The line containing "Lluvias dejan caminos", and every line after it to the end of the listing, should be repeated exactly; the pictures should not.

↓↓↓

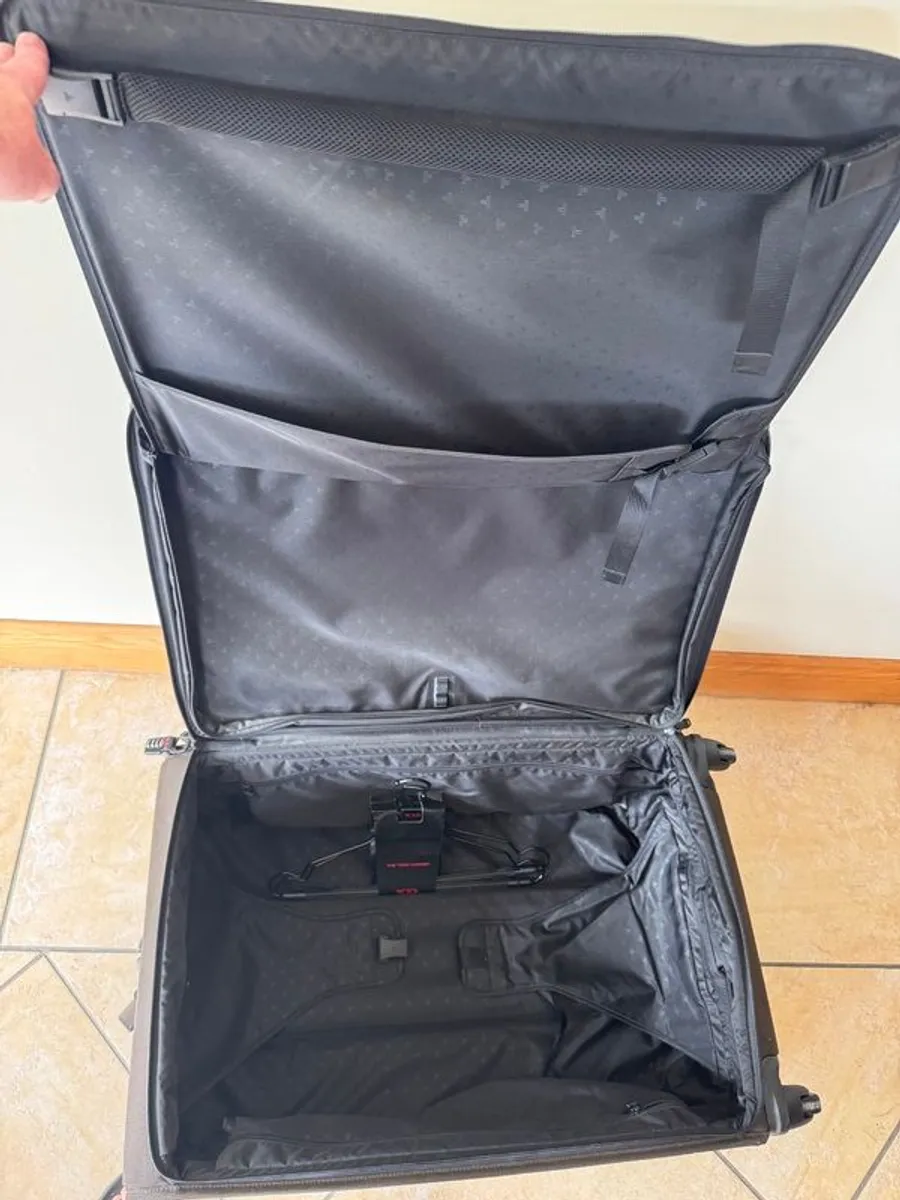Tumi Extended Trip Expandable 4-Wheeled Packing Case excellent condition - Image 3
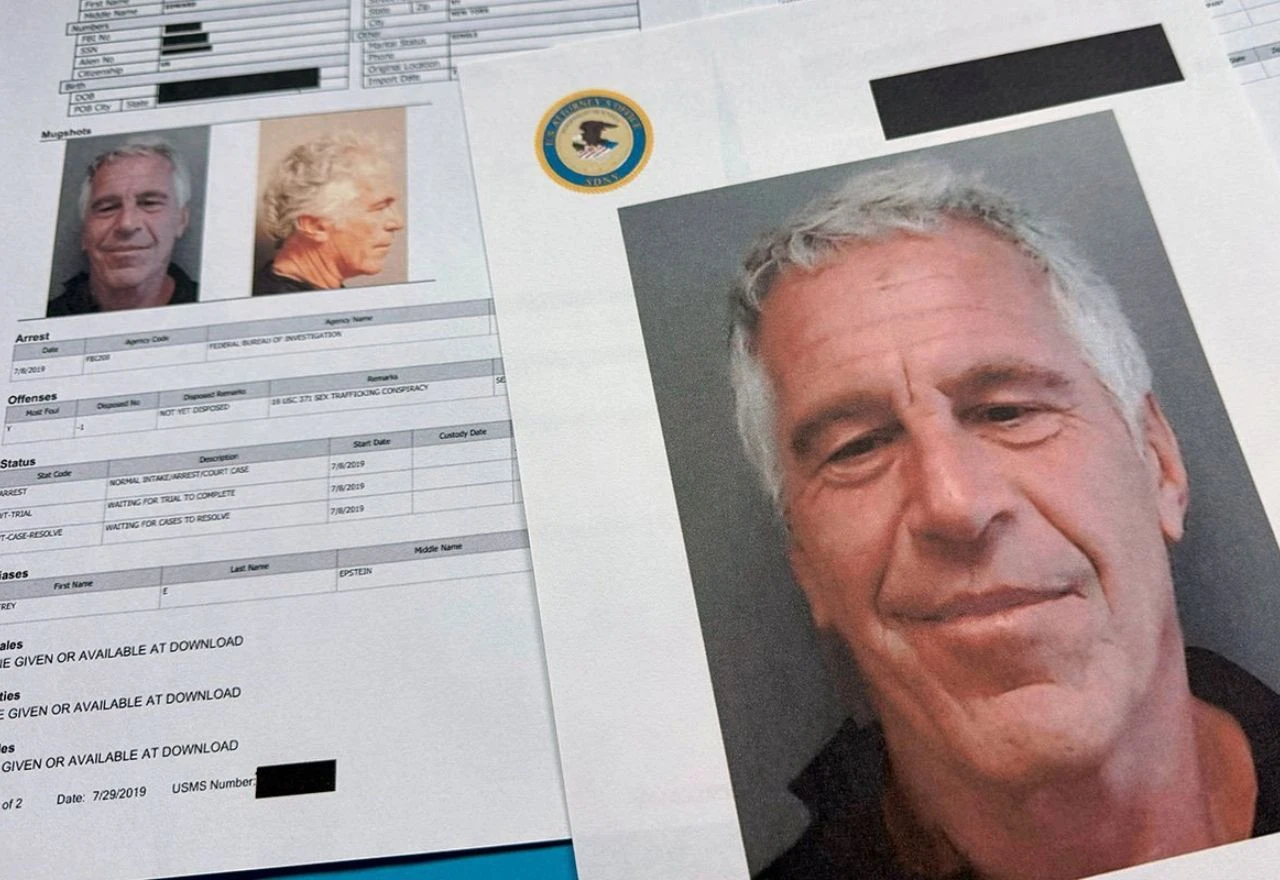 Epstein tražio od osoblja da instaliraju skrivene kamere u kući, neke bile u kutijama za maramice
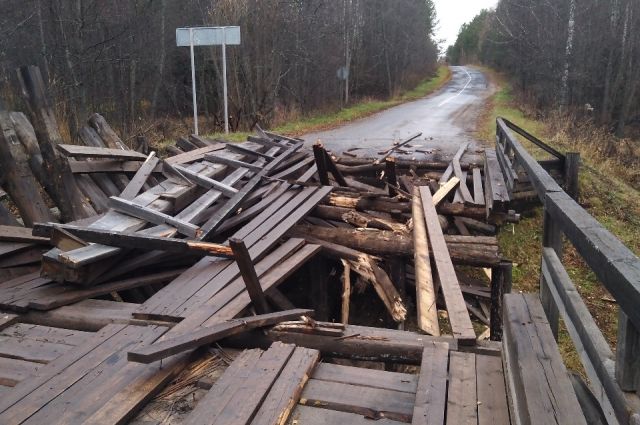 Деревянный мост обрушился в Нижегородской области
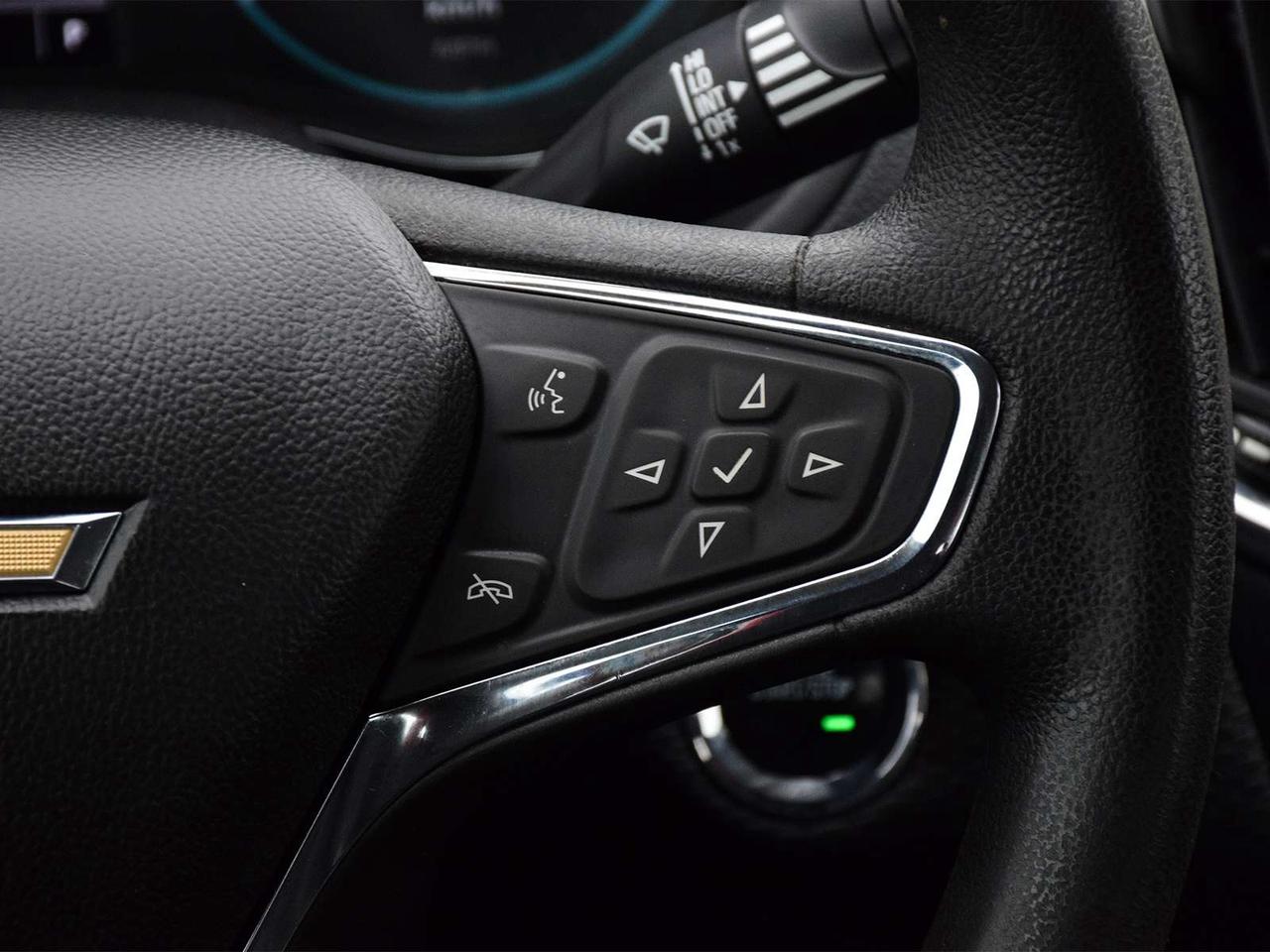 2018 Chevrolet Cruze LT ~Heated Seats ~Bluetooth ~Camera ~Carplay Photo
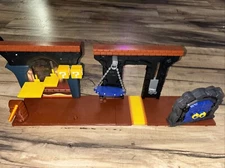 World of Nintendo Super Mario DELUXE Dungeon Playset Missing 3 Pieces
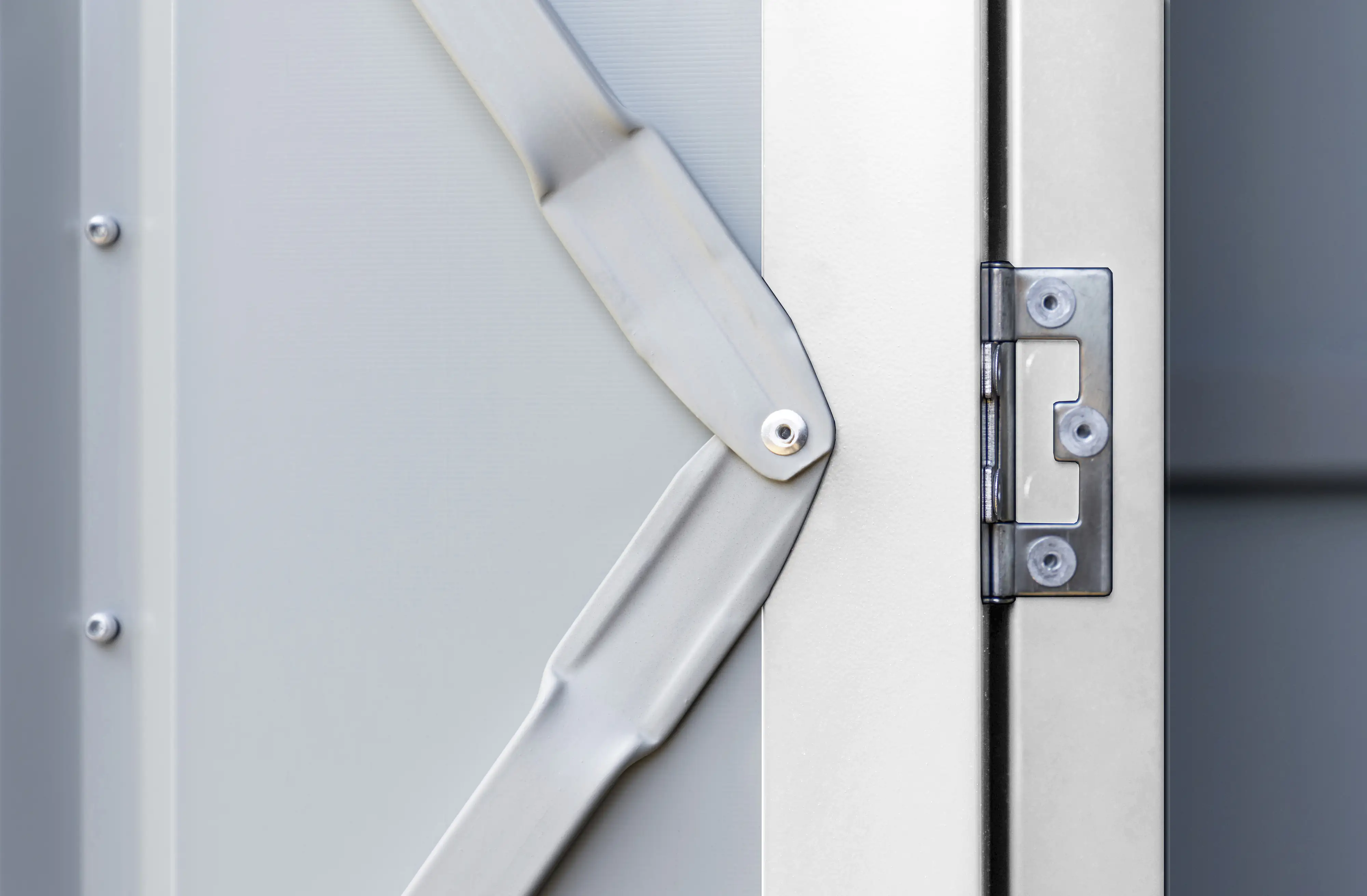 Globel Metallgerätehaus Lean-To 56 155 x 180 x 203 cm silber-metallic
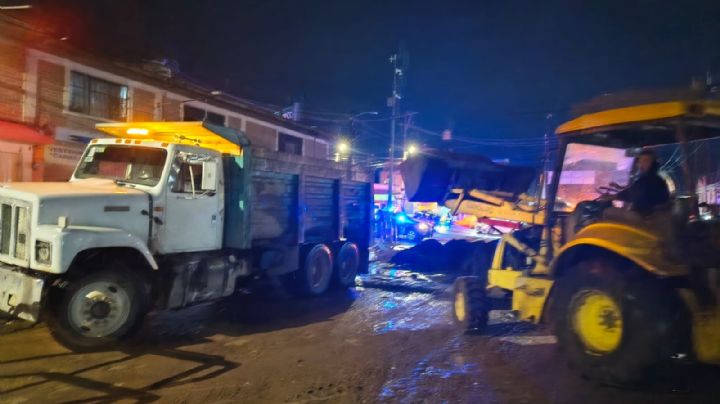 Lluvias dejan caminos bloqueados, vehículos varados y daños en viviendas de Tulancingo y Tenango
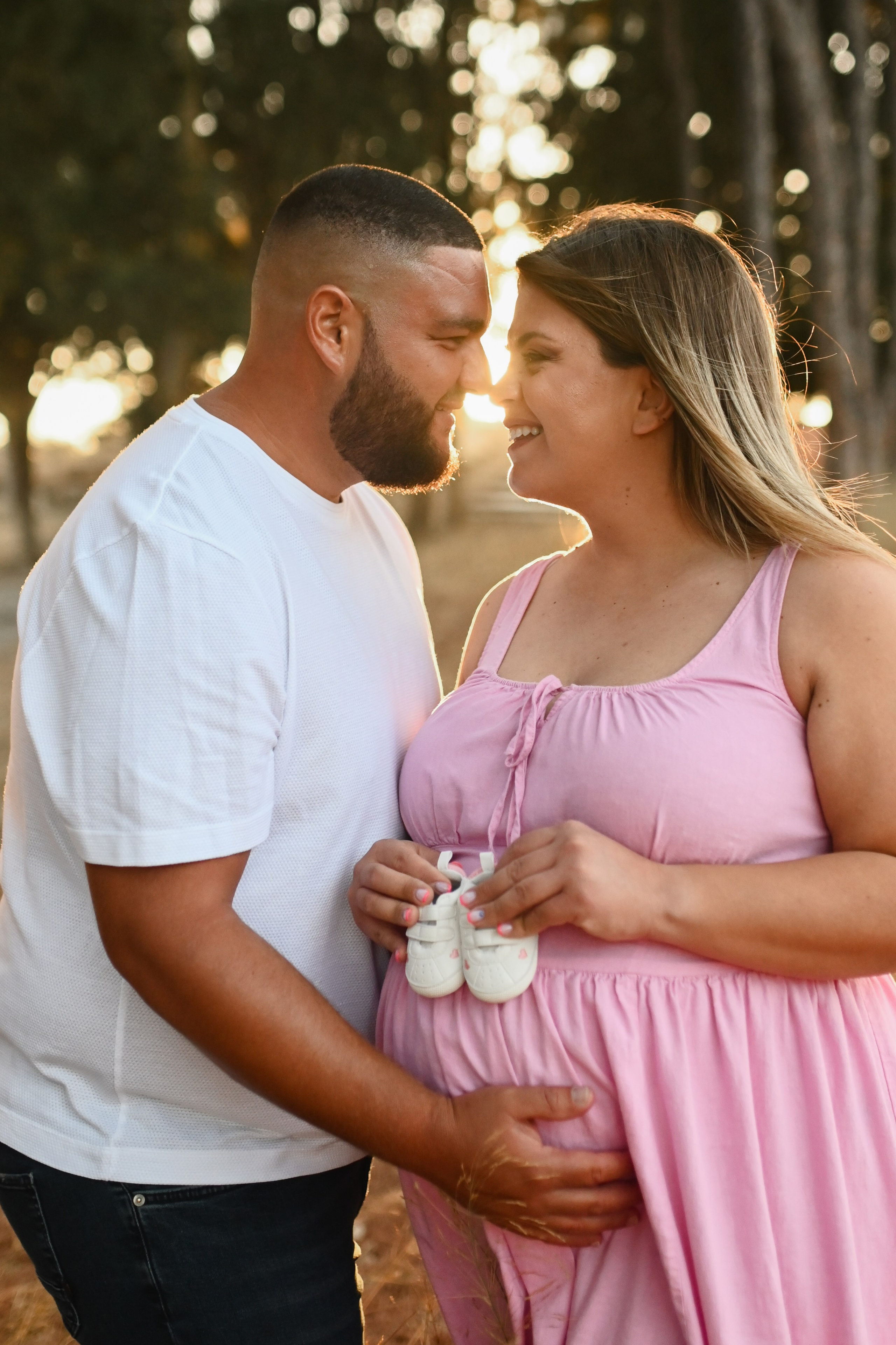 Φωτογράφιση εγκυμοσύνης στο Φιλέρημο Ρόδου – Μαγικές στιγμές μέσα στη φύση. WELCOME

↑↑↑

- _Final answer_
 Lluvias dejan caminos bloqueados, vehículos varados y daños en viviendas de Tulancingo y Tenango
 Φωτογράφιση εγκυμοσύνης στο Φιλέρημο Ρόδου – Μαγικές στιγμές μέσα στη φύση. WELCOME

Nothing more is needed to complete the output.